The Financial Conduct Authority’s high-cost credit report has been criticised by consumer groups for failing to go far enough in clamping down on doorstep lenders in measures proposed to tackle problems with high-cost credit.
The watchdog set out a list of proposed rules for changing the way banks apply overdrafts, and said there was a need for “fundamental reform”, following an in-depth review of the high-cost credit market.
According to the regulator, financial firms made £2.3bn in revenue from overdrafts in 2016, with 30 per cent of the total coming from unarranged overdrafts. The majority of unarranged overdraft fees are paid by just 1.5 per cent of customers, and the FCA said it is considering a ban on fixed fees.
The other rules it has proposed include mobile alerts warning of potential overdraft charges; stopping the inclusion of overdrafts in the term “available funds”; and requiring that banks make it clear overdrafts are credit or borrowing.
The FCA also said it was considering imposing a cap on rent-to-own prices.
Consumer groups welcomed this proposal – however, they also said it was significant that similar measures had not been extended to the doorstep lending market, which includes firms such as Provident Financial and Morses Club.

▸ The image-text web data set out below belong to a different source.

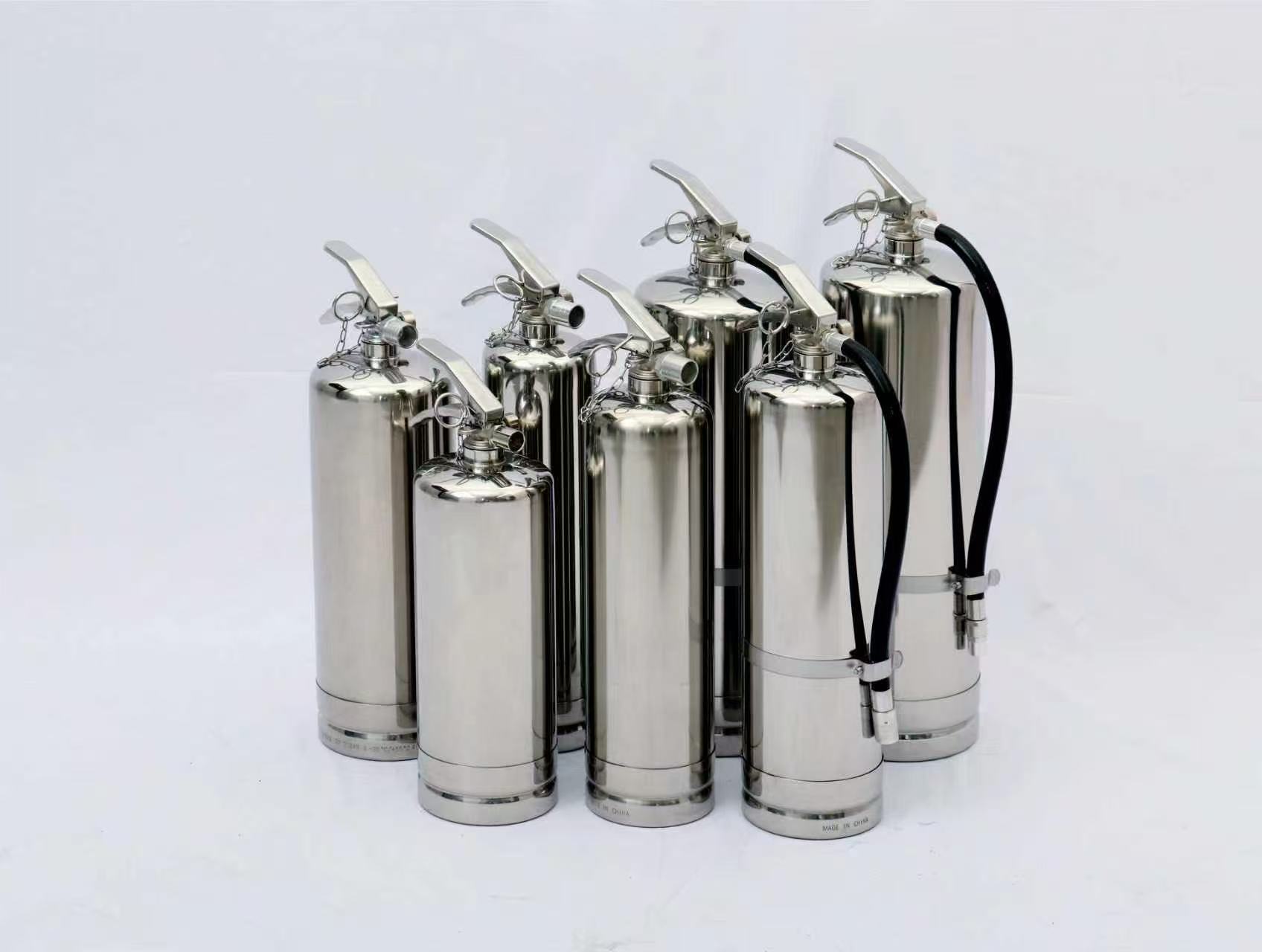 Stainless Steel Cylinders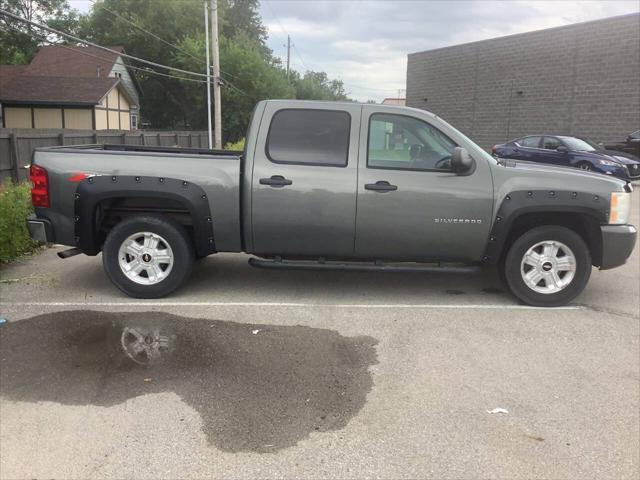 used 2011 Chevrolet Silverado 1500 car, priced at $13,900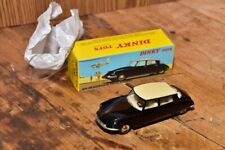 CITROEN DS 19 NOIRE SERIE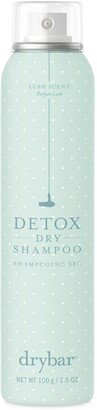 Detox Dry Shampoo - Lush Scent, 3.5-oz.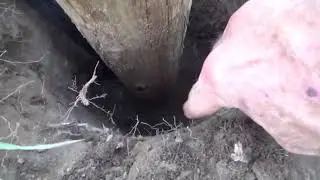 How To Install A Fence Post Without Cement - Proper Fence Post Installation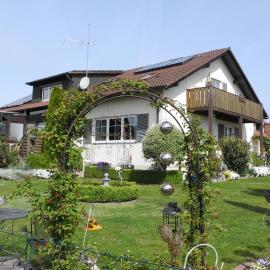Ferienwohnung Wiese，位于里登堡的酒店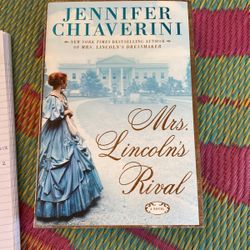 Mrs Lincoln’s Rival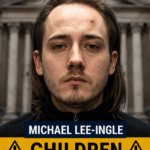 Michael Lee-Ingle Jailed for 18 Years for Child Rape and Sexual Abuse of Three Victims in Nottingham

Doorstep loans, or home credit loans, see lenders deliver sums, usually relatively small, right to the doorsteps of borrowers. Despite the small sums involved, however, interest rates on repayments can be very high.
Gillian Guy, chief executive of Citizens Advice, said: “The FCA should reconsider their decision not to consult on a cap in this market. If they fail to act to protect these consumers, the ball will be firmly in the government’s court. It must show it is genuine in its commitment to making markets work for everyone, and put pressure on the regulator or legislate to give people the protection they need.”
Joanna Elson, chief executive of the Money Advice Trust, said the FCA’s decision to introduce a cap on rent-to-own prices “could make a significant difference to thousands of people”, and added: “The regulator should keep the impact of its new measures in other sectors, such as doorstep lending, under review – and be prepared to reconsider the case for further cost caps.”
The watchdog will now consult on its proposed changes to the high-cost credit market, and further new rules may be introduced in due course.
Andrew Bailey, chief executive of the FCA, said the proposals published on Thursday will “benefit overdraft and high-cost credit users, rebalancing in the favour of the customer”.
“Our immediate proposed changes will make overdraft costs more transparent and prevent people unintentionally dipping in to an overdraft in the first place,” he added.
“However, we believe more fundamental change is needed in the way banks charge customers for overdrafts. Given the size of the market our work here will be completed as part of our wider review into retail banking.”